She and Thorne would go off to the palace, while Cinder, Iko, and Jacin tried to save Winter and Scarlet and organize the people who would soon be infiltrating Artemisia.

She didn’t want to leave them. She didn’t want to say good-bye.

But Thorne’s arm was over her shoulders, comfortable and solid. When he tugged on his lapel with his free hand and told the others, “We’re ready,” Cress didn’t argue.

*   *   *

“There’s the back entrance,” said Jacin, pointing at a near-invisible door in the back of the medical and research clinic, half-hidden behind overgrown shrubberies. Iko popped up beside him in an attempt to see, but he flattened a hand on her head and forced her to duck down as two men in lab coats strolled by, both of them with their attention stuck to their portscreens.

Jacin scanned the yard one more time before darting out from their cover and ducking into the building’s shadow. Through the dome’s wall he could see the desolate landscape of Luna stretching into the distance.

He waved his arm, and Cinder and Iko scurried after him, crowding together in the shadows.

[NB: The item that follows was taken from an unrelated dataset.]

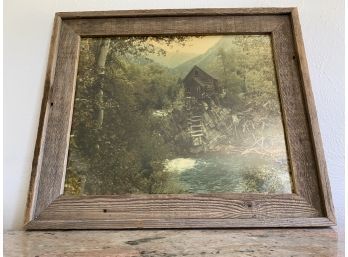 Wooden Frame Scenic Photograph, 24 X 20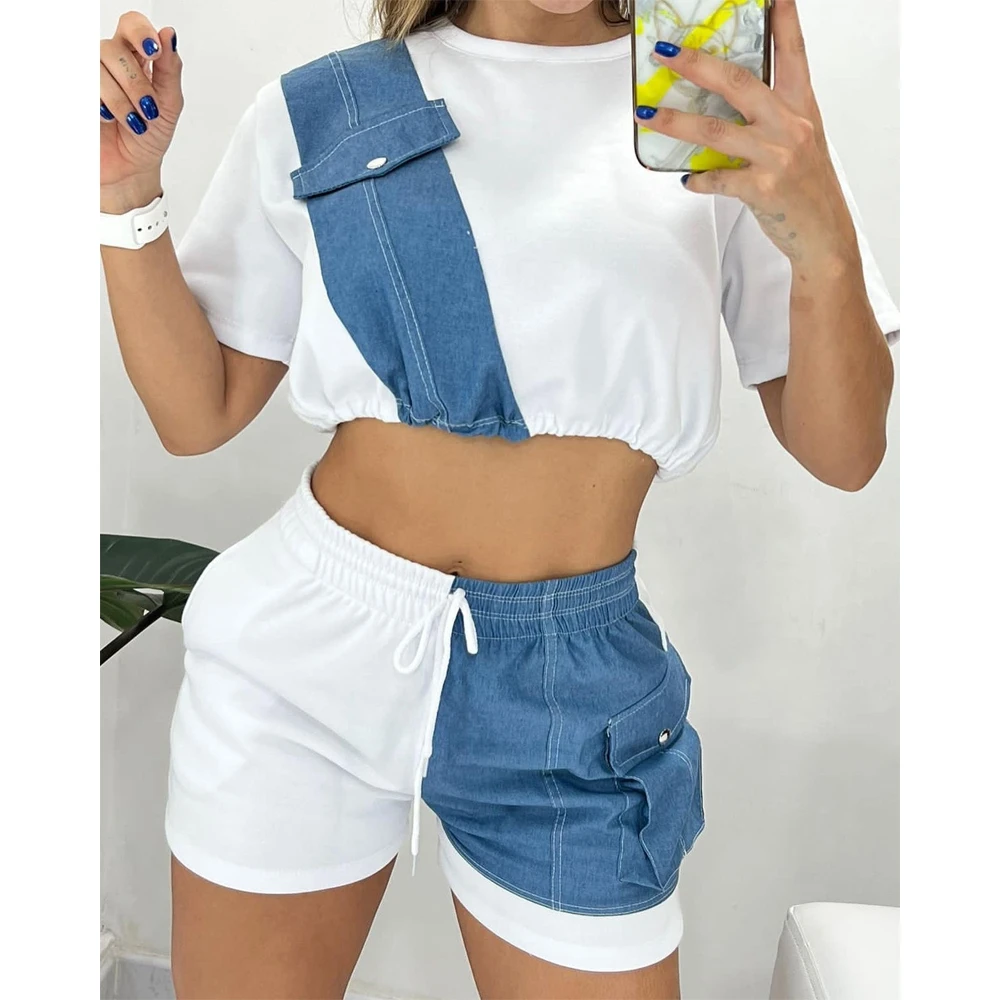 Women Denim Patch Top & Drawstring Shorts Set Female O-Neck Short Sleeve 2 Piece Casual Summer Outfits Clothing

The door opened easily—no reason to lock doors in a building that was open to the public—but Jacin refused to feel relieved. There would be no relief for him until he knew Winter was safe.

They scurried into a dim corridor, the walls in need of a coat of paint. Jacin listened, but all he heard was a squeaky wheel and a clattering cart in some distant hallway.

“There’s a maintenance room down there,” he said, pointing, “and a janitorial closet on each floor. That door takes you to the main part of the building.”

“How do you know all this?” Cinder whispered.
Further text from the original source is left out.